Omkar-Shetkar commented 3 years ago

Any updates on the fix, please? Thanks.

daniv-msft commented 3 years ago

Thanks @Omkar-Shetkar for following up. We didn't make as much progress as we wanted on this because we're focusing on our current release. Once this release is out, we should be able to provide beta bits to you with a potential fix.

In the meantime, would declaring the environment variables you want to use in our KubernetesLocalProcessConfig.yaml file be an option? https://docs.microsoft.com/visualstudio/containers/configure-bridge-to-kubernetes#create-an-environment-variable-with-a-constant-value

By setting the environment variable here, we will get it when starting the connection and inject it in the debugged process.
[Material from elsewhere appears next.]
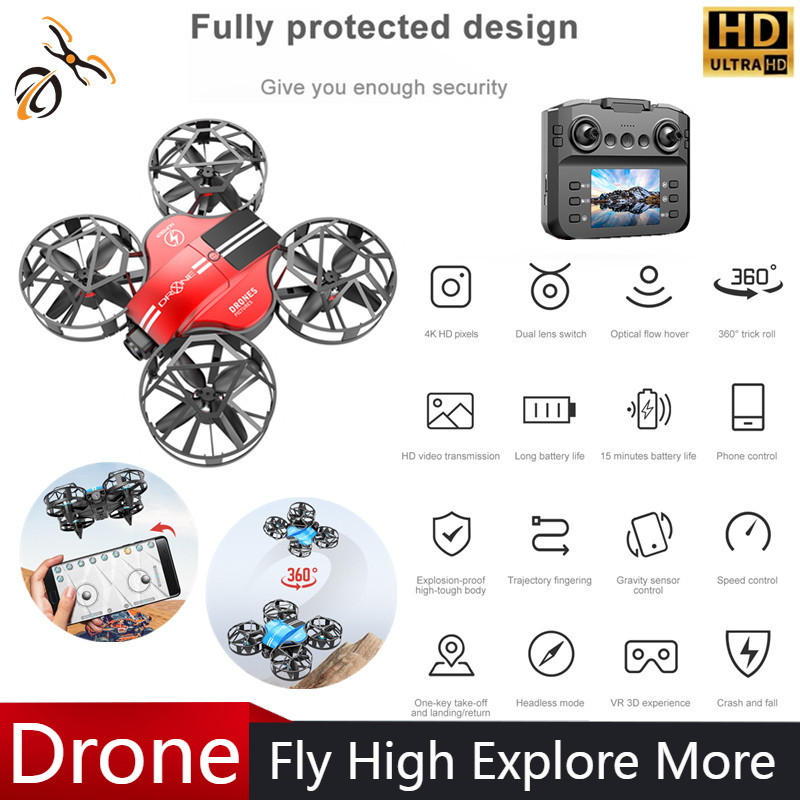 NEW Mini Drone 812PRO professi - Drone Gimbal 2 Axis ulasan dan harga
Please note however that you might need to adapt slightly your code for this option, as if I remember correctly the env variables coming from the cluster take precedence over the ones declared this way.

Omkar-Shetkar commented 3 years ago

Thanks, @daniv-msft. In my case, large environment variable values are a bit involved with dependency over other components. I think will wait for a beta fix for this issue. Thanks.